Editoriaux - Histoire - 13 janvier 2019

Marlène Schiappa et le droit de cuissage

Si Marlène Schiappa était un dictionnaire, elle ne serait pas Le Petit Robert ni Le Larousse illustré. Non, elle serait le Dictionnaire des idées reçues ou Catalogue des opinions chics de Flaubert. D’abord, qu’est-ce qu’une idée reçue ? C’est une opinion, située entre le stéréotype, le cliché et le lieu commun. Et Marlène Schiappa, des clichés, elle en a plein la tête.

La semaine dernière, lorsque l’idée apparemment saugrenue que le mariage pour tous pourrait être remis sur la table à l’occasion du grand débat national, la secrétaire d’État à l’Égalité entre les femmes et les hommes faillit s’étrangler d’indignation.

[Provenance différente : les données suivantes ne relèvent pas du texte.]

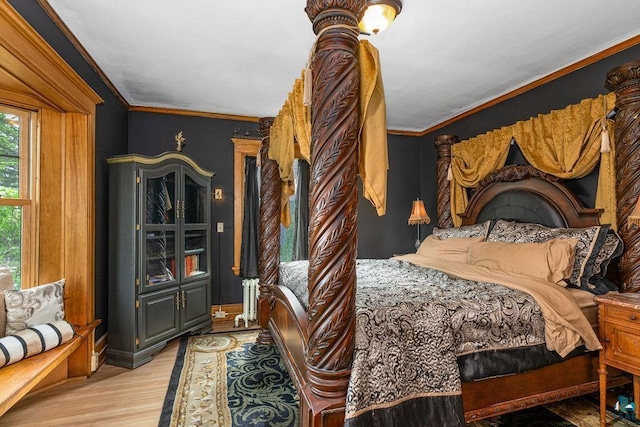 2319 E 4th St, Duluth, MN 55812 - bedroom featuring wood finished floors and crown molding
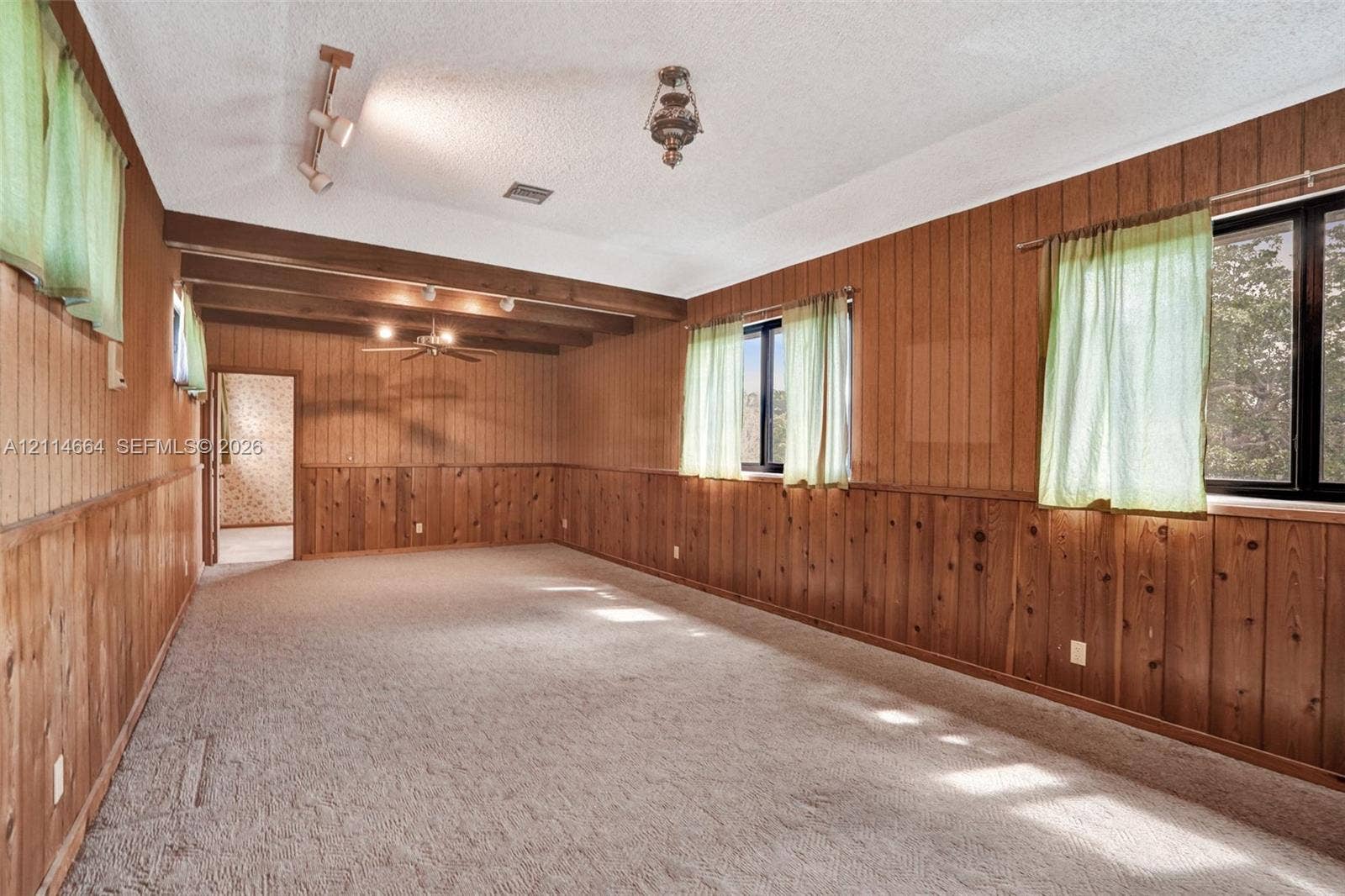 11164 NW 10th Place, Coral Springs, FL 33071 Interior space featuring wood paneling, vaulted ceiling with exposed beams, recessed track lighting, and carpeted flooring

D’où ce tweet salvateur : “Je suis totalement opposée à un référendum sur le mariage pour tous. Et puis quoi, encore ? Sur l’interdiction de l’IVG, le rétablissement de la peine de mort, du droit de cuissage ?” Notons que si madame Schiappa est totalement opposée à quelque chose, ce n’est pas la peine d’aller plus loin : la discussion est close. C’est comme un axiome en mathématique, un dogme dans la religion catholique : ça ne se discute pas. C’est comme ça, et pi c’est tout ! Donc, comme le faisait remarquer Gabrielle Cluzel dans un tweet en réaction à celui de Marlène Schiappa, “être contre le mariage pour tous, c’est comme être pour le droit de cuissage”. Logique.

Mais revenons à notre dictionnaire des idées reçues. Oui, parce que lorsqu’on cherche un peu, on apprend qu’en fait, le droit de cuissage n’aurait jamais existé. Il y a eu, il y a toujours eu, il y a encore, malheureusement, des abus sexuels – et l’affaire Weinstein est là pour nous le rappeler -, mais cela n’a jamais été un droit, au sens du droit positif, pour employer une expression savante, comme aime si bien le faire Marlène Schiappa. En effet, en 1995, le médiéviste Alain Boureau publia un ouvrage intitulé Le Droit de cuissage. Histoire de la fabrication d’un mythe (XIIIe-XXe siècle), un bouquin probablement beaucoup moins excitant que les œuvres érotiques de Marie Minelli, auteur dont je ne dirai pas plus ici, histoire d’appâter le curieux du samedi soir. Cet historien, donc, expliquait que cette histoire de droit de cuissage avait été inventée par ceux qui avaient intérêt à dénoncer les droits seigneuriaux. Et cela partait de loin : du XVIe siècle, quand il se fut agi de renforcer le pouvoir du roi. Puis, au siècle des Lumières, on installa durablement l’idée reçue – une « old fake news », si vous voulez – dans les esprits. Ainsi, Voltaire, dans son Dictionnaire philosophique, à l’article “Cuissage ou Culage”, s’étonnait que “dans l’Europe chrétienne on ait fait très longtemps une espèce de loi féodale, et que du moins on ait regardé comme un droit coutumier l’usage d’avoir le pucelage de sa vassale”… Vous noterez que les termes employés par le philosophe relèvent plus de l’opinion que de la définition juridique. Et, par la suite, de nombreux auteurs, ayant pignon sur rue, relayèrent avec volupté, et peut-être une certaine perversité, cette légende du droit de cuissage. Citons Zola, dans La Terre : “Et le droit de cuissage, dites donc ?… Ma parole ! Le seigneur fourrait la cuisse dans le lit de la mariée, et la première nuit il lui fourrait…” Littré, l’auteur du Dictionnaire de la langue française, en donna même une définition qui ne souffre aucune discussion, tout comme les affirmations de Marlène Schiappa : “Terme de droit féodal. Droit qu’avait le seigneur de mettre la jambe dans le lit de la nouvelle mariée la première nuit des noces, et aussi, dans quelques localités, le droit de coucher avec la nouvelle mariée la première nuit : droits qui d’ordinaire étaient rachetés à prix d’argent.”

Tout cela ne serait donc que des inventions, si l’on en croit ce Boureau (avec un seul r) ? Alors, tant pis pour les fantasmes de Marie Minelli… et les tweets de Marlène Schiappa.